We know the NBA buzzwords, the trends. Small ball. Offense over defense. Play fast. Teams have to have men who can spread the floor with their three-point shooting. Teams want undersized power forwards who play more like wings. The offense is to run a pick-and-roll to force a switch, then isolate and let your best shot creator attack the mismatch.

The Utah Jazz are none of that.

They are contrarian, a throwback. And they are one of the most dangerous teams in the NBA.

Utah is defensive team that starts a twin towers front line where neither can really step out and space the floor with their jumper. Utah’s starting power forward, Derrick Favors, is a power forward in the classic sense. They run a motion offense, and only 5.3 percent of their offensive attempts came out of isolation last season. They don’t play at a high pace, they prefer a game that grinds down, physically but also mentally.

They are not following the small ball trend, and that’s a conscious decision.

“Golden State has driven a perception that the whole league is small…” Jazz coach Quin Snyder told NBC Sports last season. “Because Golden State’s been the best team, you’re forced to match up with them, and then people will try to play small, but if you’re playing small just because someone else is, and then you’re not playing your best players, that’s a tough question. Do you chase a mismatch or do you play the way you play?”
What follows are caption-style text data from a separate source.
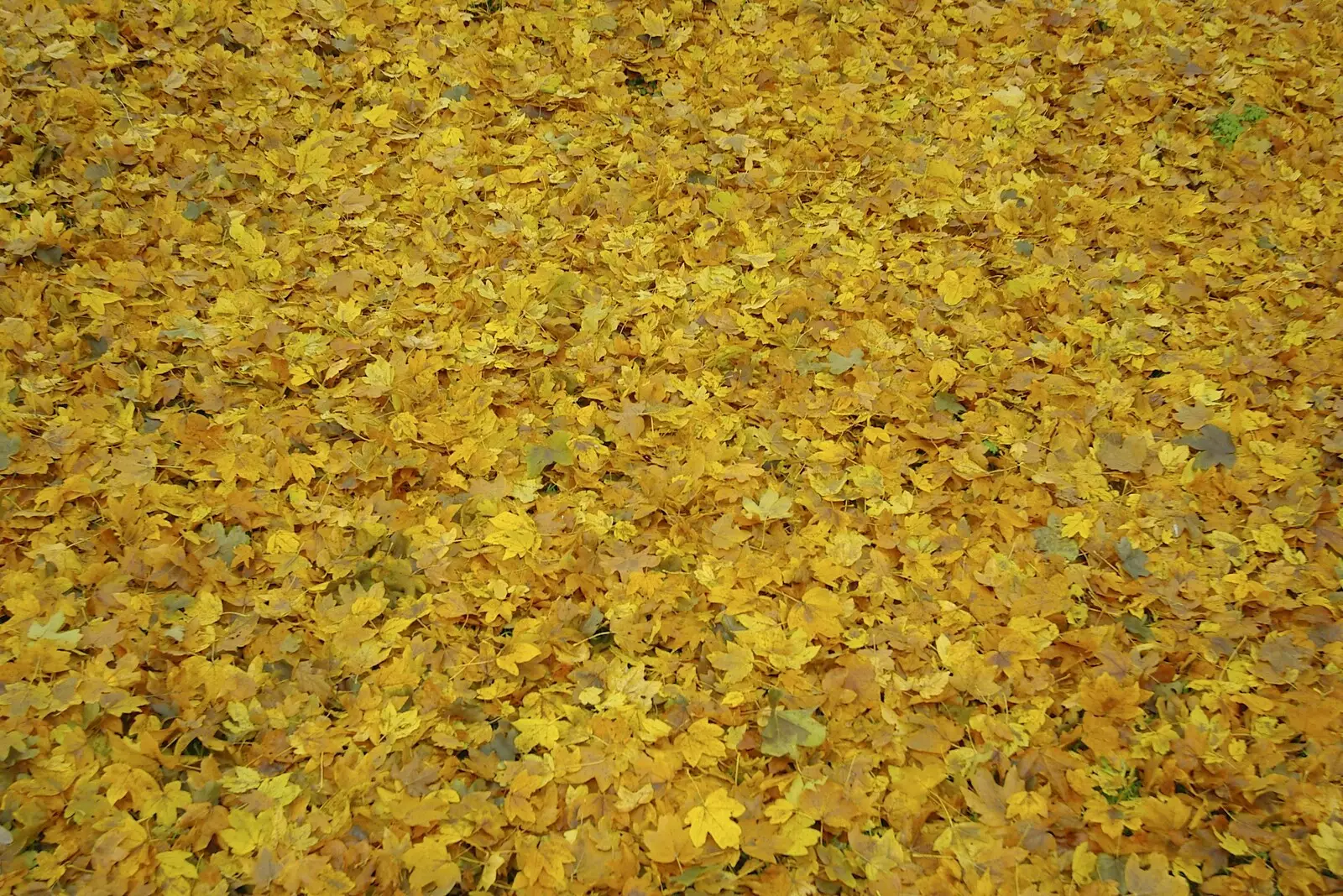 A carpet of golden leaves, from Pheasants, Sunsets and The BBs at Bressingham, Norfolk - 11th December 2005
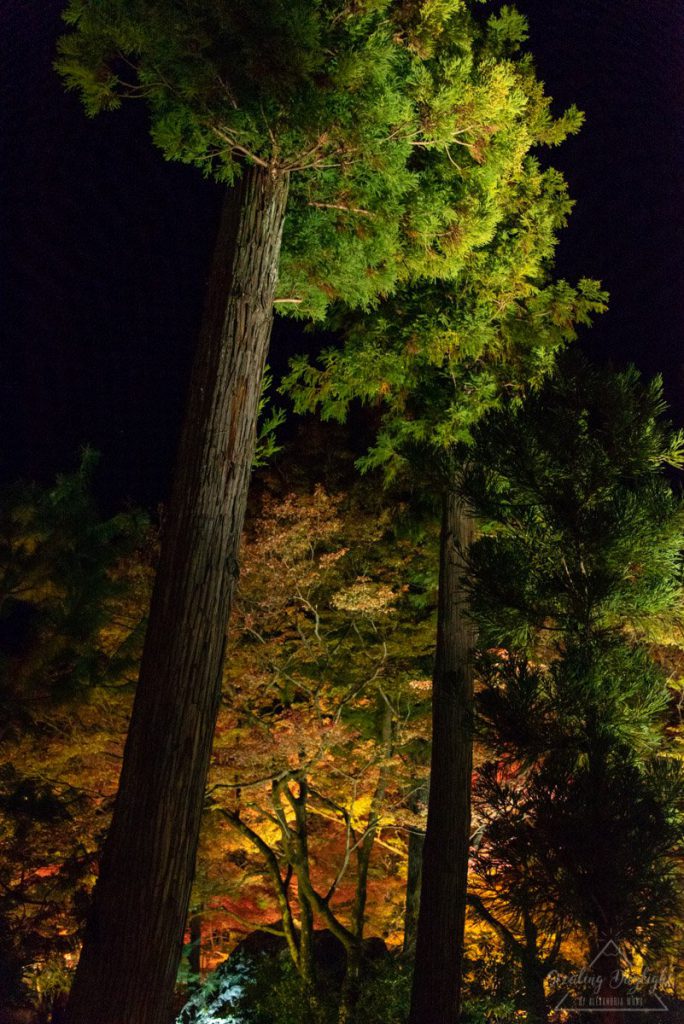 京都 寶嚴院 紅葉 夜間拜觀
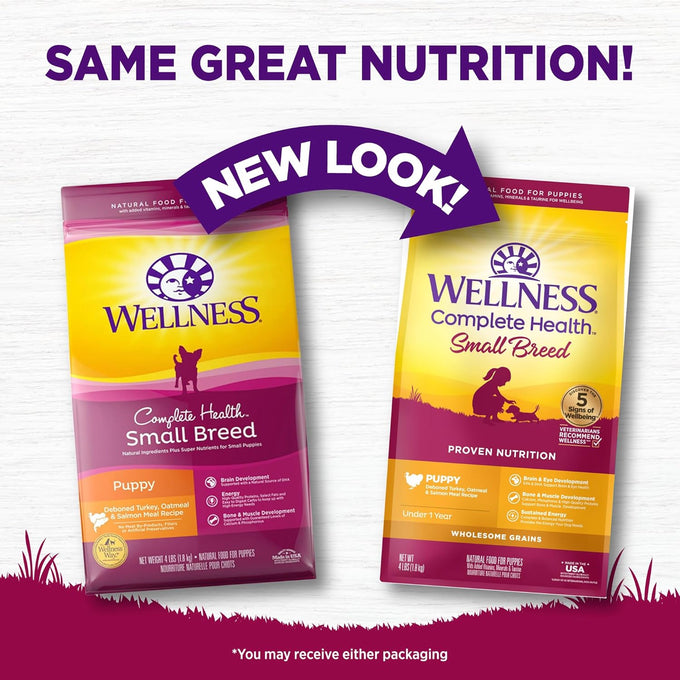 Wellness Complete Health small breed puppy dry dog food in 4 lb bag, wholesome grain kibble, natural, turkey, oatmeal, and salmon recipe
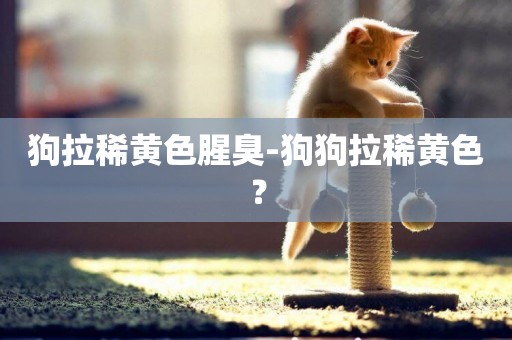 狗拉稀黃色腥臭-狗狗拉稀黃色？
Utah plays the way it plays. And with that, most pundits have them as a top-four team in the West (Vegas books have them with the fourth highest under/over win total in the West at 48.5), and some around the league wonder if the Jazz can beat a diminished Rockets’ squad this season.

However, does their style also have a ceiling? Utah’s defense stymied Russell Westbrook and the Oklahoma City Thunder in the first round of the playoffs last season, but the spacing and pace of the Houston Rockets proved to be too much — it was hard to keep Rudy Gobert on the court against those smaller lineups, and Houston’s switching defense stalled out the Utah offense.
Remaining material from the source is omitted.